İçeride ve dışarıda hedef MHP…
Başbuğ’un emaneti 52 yıllık MHP, Devlet Bahçeli liderliğinde dünyanın gündeminde…
Batı’nın da, Türk dünyasının da, İslam dünyasının da…
“Cumhurbaşkanlığı Hükümet Sistemi”nden sonra Türkiye’nin bölgesinde ve dünyada oynadığı rol, “Cumhur İttifakı”nda Devlet Ata’nın Erdoğan’la etkin birlikteliği, FETÖ, PKK, proje partilerin, Batı’nın siyasi, askerî ve ekonomik baskılarına ve Kovid-19 belasına rağmen boyun eğmemesi dikkat çekici çünkü…
MHP, Ülkücü Hareket’in dirençli, ölümü öldüren ideolojik sevdası sayesinde hep var oldu, koltuk sevdası düşünmeden ülkenin her sıkıntısında çözüm sunan fedakârlıklarda bulundu…
Meclis dışı kalmak başka partileri silip süpürürken, MHP hep devletin kılcal damarlarında var oldu…
“Önce millet, önce vatan” düsturu, Türklüğün omurgası olmaya, “beka” uğruna mücadeleyi gerektiriyor çünkü…
*
Ana gövdelerinden ipini koparanların, proje adam ve partilerin, Batı’nın, Haçlı’nın, AB-D’nin hedefinde Türkmen Beyi ve MHP var…
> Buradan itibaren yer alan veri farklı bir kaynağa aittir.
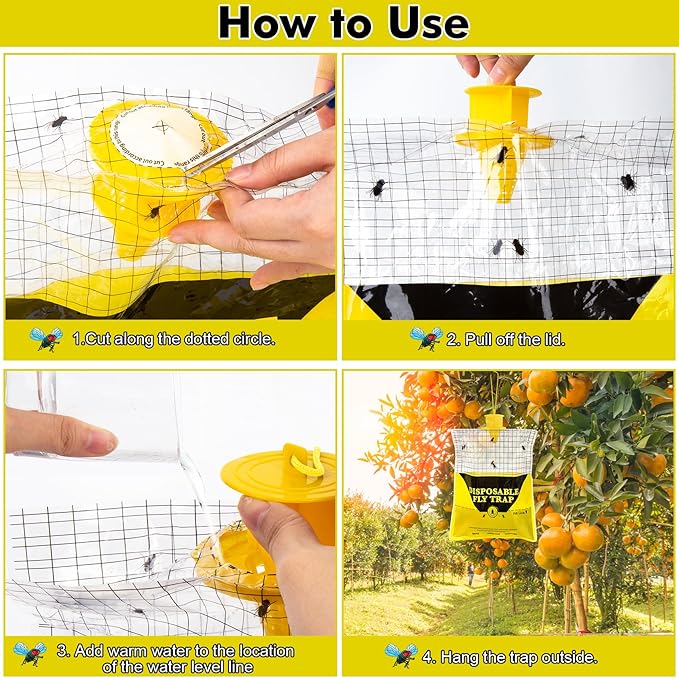 Glovv 2 Pack 10.8 * 12.6 Inch Big Fly Trap for Patio, Bags Outdoor Disposable, Hanging Flies Catcher with Bait, Ranch Repellent Hunter Killer Stable Horse Control for Barn, Farm, Bugs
Sözde Ülkücüleri, milliyetçileri, MHP’lileri kışkırtarak, birbirine düşürerek ittifakı bozabilirlerse, Erdoğan’ı ve sistemi düşürecekler…
Ham hayal…
Rahmetli Türkeş, baraj altı kaldı, 1 vekille Meclise girdi, koalisyon ortağı oldu, hedefinden hiç sapmadan Türk milletinin hedeflerine adım adım yürüdü…
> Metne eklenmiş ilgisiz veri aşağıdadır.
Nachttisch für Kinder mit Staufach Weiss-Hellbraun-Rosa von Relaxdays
MHP hiçbir zaman ırkçı bir parti olmadı…
Atatürk’ün “Türkiye Cumhuriyeti’ni kuran Türk halkına ‘Türk milleti’ denir” açıklaması işin özüdür…
Atatürk’ün ilkelerinin deklare edildiği “Partinin anayasası” diyeceğimiz “9 Işık Doktrini”, her daim millet ve devlet yolunda varlığını devam ettirecektir…
Bu kadim topraklarda Türklük hep var olmuştur ve var olmaya devam edecektir.
Ülkücü Hareket’in hassasiyeti millet, vatan, bayrak, dil, bağımsızlık ve hürriyettir.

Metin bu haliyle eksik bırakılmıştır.